|Effects of Improved Nutrition in Early Childhood : The institute of Nutrition of Central America and Panama (INCAP) Follow-up Study; Proceedings of an IDECG workshop, July 1990, Bellagio, Italy, Supplement of The Journal of Nutrition (International Dietary Energy Consultative Group - IDECG, 1994, 198 pages)|
|Patterns of linear growth in rural Guatemalan adolescents and children(¹,²)|
REYNALDO MARTORREL*³ DIRK G. SCHROEDER,* JUAN A. RIVERA AND HALEY J. KAPLOWITZ
*Department of International Health, The Rollins
School of Public Health of Emory University, Atlanta, CA 30322, Centro de
Investigaciones en Salud Pública, Instituto Nacional de Salud Pública 62508
Cuernavaca, Morelos, México, Genentech, Inc., South San Francisco, CA
¹ Published as a supplement to The Journal of Nutrition. Guest editors for this supplemental publication were Reynaldo Martorell, The Rollins School of Public Health of Emory University, Atlanta, GA, and Nevin Scrimshaw, The United Nations University, Boston, MA.
² Data collection and analyses were supported by NIH grant HD22440 and by the International Center for Research on Women (ICRW), Contract # IC-75/03.
³ To whom correspondence should be sent: Department of International Health, The Rollins School of Public Health of Emory University, 1518 Clifton Road, N.E., Atlanta, GA 30322.
Length and weight data from a longitudinal study of rural Guatemalan subjects birth to 7 y of age and height and weight data from a cross-sectional study of the same subjects when they were 11-24.9 y old are compared to reference data for the USA general population and for Mexican-Americans. At birth, the median length of Guatemalan children is at ~ the 16th percentile of the USA reference or ~2 cm shorter. By 6 mo of age, Cuatemalan children are shorter, on average, than the 5th percentile of the reference curves and, in absolute terms, are ~5 cm below the median; by 3 y, the difference increases to ~10 cm. As adults, Cuatemalans have about the same absolute level of deficit (~13 cm) as they did at age 3 y. If the general USA population is used for comparison, Cuatemalans can be said to grow as expected during adolescence, neither recuperating the growth retardation of early childhood nor falling further behind in size. If the Mexican-American sample is selected instead, it would appear that some catch-up in growth occurs in Cuatemalan adolescents.
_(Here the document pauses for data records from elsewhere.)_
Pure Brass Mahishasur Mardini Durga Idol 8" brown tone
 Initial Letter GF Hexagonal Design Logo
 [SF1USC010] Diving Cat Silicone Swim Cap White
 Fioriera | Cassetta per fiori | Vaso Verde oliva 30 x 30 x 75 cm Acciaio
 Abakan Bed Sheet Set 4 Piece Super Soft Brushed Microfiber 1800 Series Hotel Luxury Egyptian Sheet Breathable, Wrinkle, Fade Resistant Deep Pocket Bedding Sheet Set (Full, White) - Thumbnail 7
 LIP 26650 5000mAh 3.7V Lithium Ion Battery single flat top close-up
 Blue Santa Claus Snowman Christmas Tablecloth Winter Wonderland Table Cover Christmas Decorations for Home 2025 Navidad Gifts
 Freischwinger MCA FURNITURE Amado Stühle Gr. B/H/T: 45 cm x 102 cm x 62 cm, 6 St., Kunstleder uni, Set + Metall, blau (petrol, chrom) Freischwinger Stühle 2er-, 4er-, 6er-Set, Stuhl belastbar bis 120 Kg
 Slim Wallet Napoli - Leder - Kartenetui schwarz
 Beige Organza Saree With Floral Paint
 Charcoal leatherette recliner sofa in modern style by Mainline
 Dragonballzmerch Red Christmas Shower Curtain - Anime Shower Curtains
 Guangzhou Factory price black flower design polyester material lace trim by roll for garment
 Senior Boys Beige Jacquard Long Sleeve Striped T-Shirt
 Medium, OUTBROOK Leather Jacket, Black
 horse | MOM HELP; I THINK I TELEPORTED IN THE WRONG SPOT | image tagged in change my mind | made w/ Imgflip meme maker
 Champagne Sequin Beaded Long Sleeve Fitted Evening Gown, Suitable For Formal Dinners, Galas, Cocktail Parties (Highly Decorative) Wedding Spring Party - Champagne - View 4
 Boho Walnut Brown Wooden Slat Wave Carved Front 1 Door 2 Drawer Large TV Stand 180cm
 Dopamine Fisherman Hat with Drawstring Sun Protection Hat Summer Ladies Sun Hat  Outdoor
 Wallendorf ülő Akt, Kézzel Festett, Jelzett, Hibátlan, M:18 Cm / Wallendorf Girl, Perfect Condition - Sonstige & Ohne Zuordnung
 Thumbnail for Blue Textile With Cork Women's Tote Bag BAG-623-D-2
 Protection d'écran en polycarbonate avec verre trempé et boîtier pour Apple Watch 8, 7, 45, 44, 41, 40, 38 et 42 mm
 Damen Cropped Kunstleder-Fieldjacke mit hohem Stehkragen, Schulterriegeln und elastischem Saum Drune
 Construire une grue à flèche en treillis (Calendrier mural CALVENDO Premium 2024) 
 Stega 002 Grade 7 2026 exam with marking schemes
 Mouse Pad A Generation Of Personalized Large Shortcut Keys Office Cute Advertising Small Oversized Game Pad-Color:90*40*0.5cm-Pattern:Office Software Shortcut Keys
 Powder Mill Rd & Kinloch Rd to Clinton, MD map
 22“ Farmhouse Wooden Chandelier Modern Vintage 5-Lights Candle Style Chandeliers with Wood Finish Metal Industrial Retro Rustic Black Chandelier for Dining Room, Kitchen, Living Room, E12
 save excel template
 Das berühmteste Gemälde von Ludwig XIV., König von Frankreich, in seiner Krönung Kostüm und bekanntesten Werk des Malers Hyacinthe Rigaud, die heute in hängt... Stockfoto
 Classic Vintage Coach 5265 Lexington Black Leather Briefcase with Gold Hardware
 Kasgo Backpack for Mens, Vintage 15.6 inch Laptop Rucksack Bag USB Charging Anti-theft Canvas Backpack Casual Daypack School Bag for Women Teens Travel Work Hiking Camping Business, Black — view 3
Regardless of the choice of reference population, growth is markedly retarded only in early childhood; adolescence is not a period when growth is significantly constrained. J. Nutr. 125: 1060S-1067S, 1995.
INDEXING KEY WORDS:
While much is known in developing countries about growth in early childhood and the factors that shape its course, knowledge about growth during later childhood and adolescence is limited. Research to date indicates that growth failure and nutritional stress in poor children from developing countries are greatest in the first 2-3 y of life (Beaton et al. 1990). Growth during later childhood and adolescence in these same societies appears to be considerably less constrained, if at all (Martorell et al. 1994). Some argue that adolescence is a time when the growth retardation produced in early childhood may be recuperated (Delgado et al. 1987). However, the research to support the claim that catch-up growth can occur to a significant degree during adolescence is weak (Martorell et al. 1994). The objective of this paper is to compare patterns of growth of poor Guatemalans during childhood and adolescence to both a racially similar population of Mexican Americans and a general USA reference. Several key questions guide the analyses: what are the periods in life in rural Guatemala when significant growth failure occurs? Specifically, is adolescence a time of constrained growth or instead, is it a period when some of the growth failure of earlier childhood is overcome by compensatory growth?